So little and yet so much to talk about. If you aren't me, most of what goes on is boring, but I'll tell you about it anyway because otherwise, I have nothing about which to talk. I'll start with the TV.
We had two TVs in the old house -- bedroom and family room. Pretty average for most households. The bedroom TV lived in a big armoir we bought second hand, while the family room flat screen lived on a large credenza style table. The credenza was repurposed for the new house as a hall table for all the stuff you drop when you come into the house. The old armoir is heading for consignment, and we have a new corner armoir for the flat screen.
Originally we weren't going to have a bedroom TV. The Husband had protested the whole bedroom TV idea for some time, and there was no good spot for a TV in the new room anyway. I was resigned to fulfilling my TV addiction downstairs. MIL loaned us a 13 inch set she had that she wasn't using so that I couldhave a TV upstairs to watch while I ironed (ironing being intolerable without distraction and me not wanting to haul clothes downstairs to iron and then back upstairs to put away -- see? Braims. I haz 'em). This TV would live near the laundry area, not in the bedroom.
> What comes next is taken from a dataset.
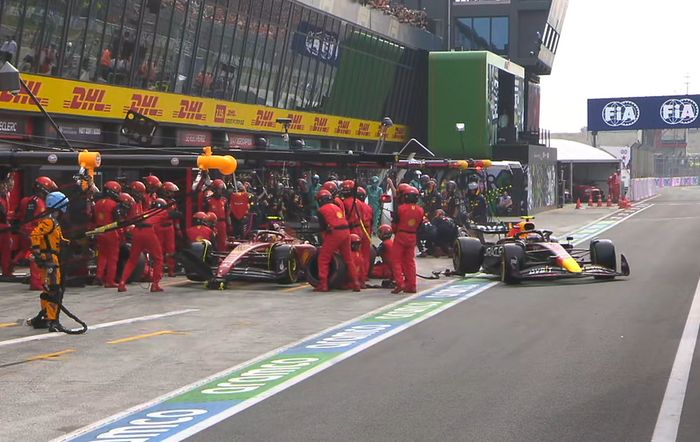 Carlos Sainz tertahan 12,7 detik saat menjalani pit stop di lap 15 pada balap F1 Belanda 2022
So, the big 29 inch TV would be given to a TV-less friend and all would be well.
There's no TV hook up in the hall where the laundry is. The nearest is in the bedrooms on either end of the house, neither of which is logically or easily available to the hallway. So, toss that idea. We discussed, among many things, just not having a TV upstairs or just having it on a DVD player. This didn't bother me. After hauling a few things up our new stairway, I didn't want the 2-ton TV from Heck upstairs anyway. It would be stored until the friend could get it.
Then, on the second night after the move, I hear sounds of anger and pain from the stairway. The Husband is hauling the 29 inch TV upstairs. I asked why. The answer received demonstrated the magic of marital communication -- in other words, neither of us knew what the other was talking about. Somehow, The Husband had hardwired into his head that I would die if we had no TV in the bedroom (as I have had a TV in my bedroom since age 3, when my dad won a little B/W set in a contest and my Mom put it on top of my dresser, that might be true.) I denied having demanded the TV upstairs. He denied my denial. We glared. Then his testosterone took over and he hauled it the rest of the way up. We then heaved it onto our chest of drawers, a large, almost 6 foot high piece of furniture we had wrestled upstairs earlier.
I could feel the eye of Big Brother on me. The TV towered a good 2 feet over my head. I was ooked. The Husband was ooked. This was not going to work.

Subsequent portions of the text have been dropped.